CHAPTER TWO

. . . .

. . .

Juliet, carrying a windbreaker for Carlton (wearing her own already), a plate of raisin bread and a thermos of coffee, was glad for the lights in the wide hall—dim though they were—to guide her way.

She was only mildly annoyed with Carlton now. She really did understand his reluctance to step onto this particular thin ice; it was just that he was so fearless about everything else. Carlton was the first to run toward trouble, and even in his personal life he'd shown great confidence, particularly in trying to save his marriage.

Would it make things easier if she told him she liked the kiss and wanted more? A lot more? Like maybe long-term more?

Possibly, but it might also send him running, and she couldn't risk that. As hard as he worked to save his marriage, he'd worked equally hard to remain remote in her first years as his partner. Too wounded by the outing of his relationship with Lucinda Barry, he was clearly determined to keep his new female partner at a sufficient emotional distance.

Which is why it was a bit ironic that he'd accused her of using the word 'partner' to keep him at bay.

The painting caught her eye, and she paused to study the scowling expression of the Pumphrey scion. Charity, down in the kitchen as Juliet passed through, said it was Cartavious III, who was just eighteen when the painting was commissioned in 1920. Then she thrust the plate of raisin bread upon her, gave her the thermos and excused herself rapidly.

The woman was sweet but high-strung, she thought, and resolved to ferret out the reason for it some other time. Like daylight. In a warmer location.

Cartavious was a dark-eyed handsome youth despite his obvious ill temper, and she glanced at the equally handsome dog.

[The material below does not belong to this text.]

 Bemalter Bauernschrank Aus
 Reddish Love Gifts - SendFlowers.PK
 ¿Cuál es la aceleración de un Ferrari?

But then she realized, as she studied the pair, that the dog was simply standing next to his owner.

The cold around her deepened as what she saw took hold in her brain: Cartavious wasn't touching the dog's collar at all.

Juliet frowned. She was dead sure she and Carlton had both noted how tightly Cartavious had gripped the collar… wasn't she? Hadn't they?

Feeling a bit uncomfortable—because if she wasn't merely losing her mind, then she was being screwed with—she moved back from the painting and headed to the corner room.

Why is that door closed? She'd barely formed the thought when it was yanked open from inside and Carlton hurtled out.

"Juliet!" he said breathlessly, and that was odd too: he rarely used her first name.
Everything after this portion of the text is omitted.